DEFINITION: Voluntary and involuntary changing of family surnames by immigrants

SIGNIFICANCE: Modern Americans researching their family histories have often been hampered by name changes made when their ancestors immigrated to the United States (US). It can be unsettling for many to learn that a family name held in much pride is little more than one century old. Some Americans have changed their names back to their ancestors’ original surnames, but understanding the reasons for the name changes can help provide a better understanding of what ancestors experienced when they immigrated.

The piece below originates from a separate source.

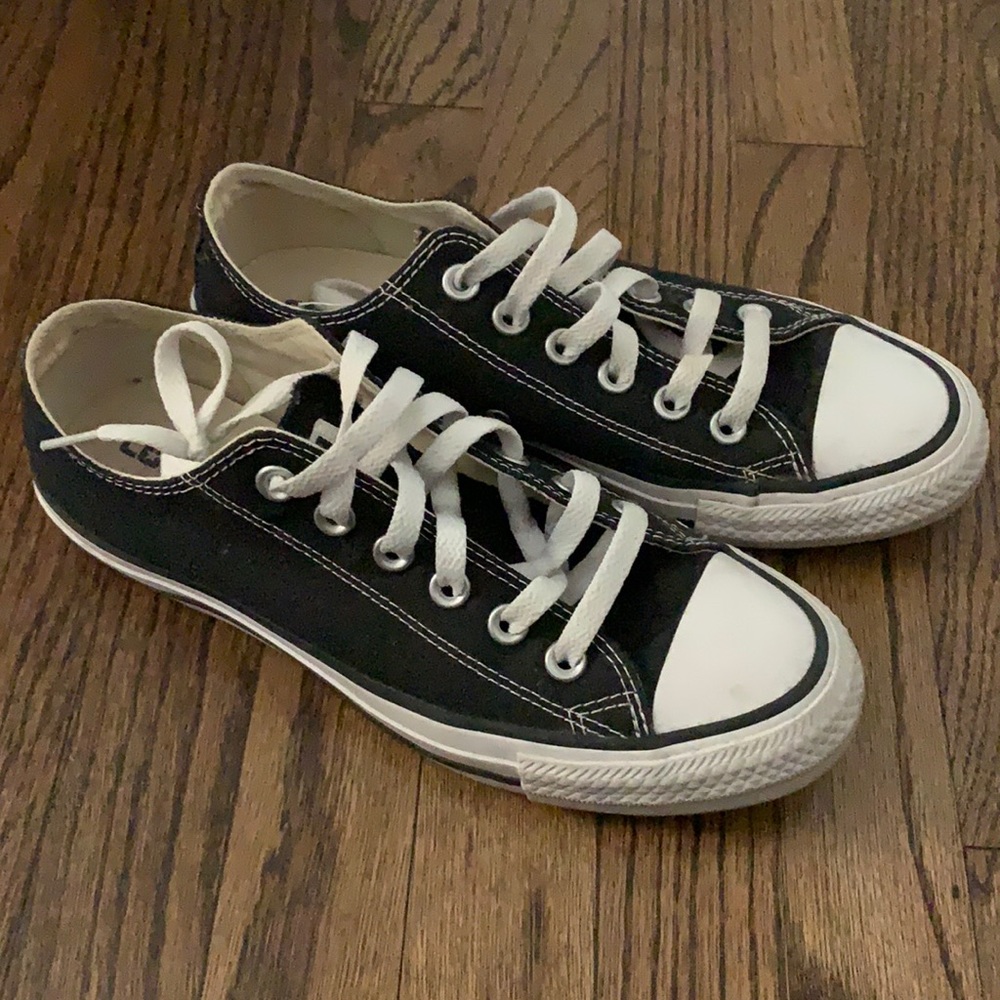 Black Lowtop Converse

It is sometimes complicated for twenty-first-century Americans to understand why immigrants of the past were willing to change their surnames when they entered the US, as name-changing tended to cut them off from their ancestors and even from their contemporary relatives. However, connections between immigration and name-changing are not merely from the past. As late as the early twenty-first century, the first section of the US government form on which immigrants apply for naturalization still contained a space for name-change requests. Its location near the top of the form highlights the continuing connection between changing one’s citizenship and name. However, while the motivations of modern immigrants for changing their names are seldom as strong as they were for immigrants a century earlier, many immigrants still choose to start their new lives in the US with new names.

Involuntary Name Changes

Many modern Americans believe that their family names were changed by lazy or careless immigration officials at immigration reception centers such as Ellis Island in New York Harbor and Angel Island in San Francisco Bay. This idea has become entrenched in American thought by family traditions, popular literature, films, and even scholarly works. However, a close study of the procedures followed at these immigration centers shows that casual name changes were rare. Immigration officers did not always follow government regulations, but it is important to note that a federal regulation specifically prohibited officials from altering the names of immigrants. However, this regulation was not drafted to protect the integrity of ancestral histories but to prevent the entry of undesirable aliens into the country.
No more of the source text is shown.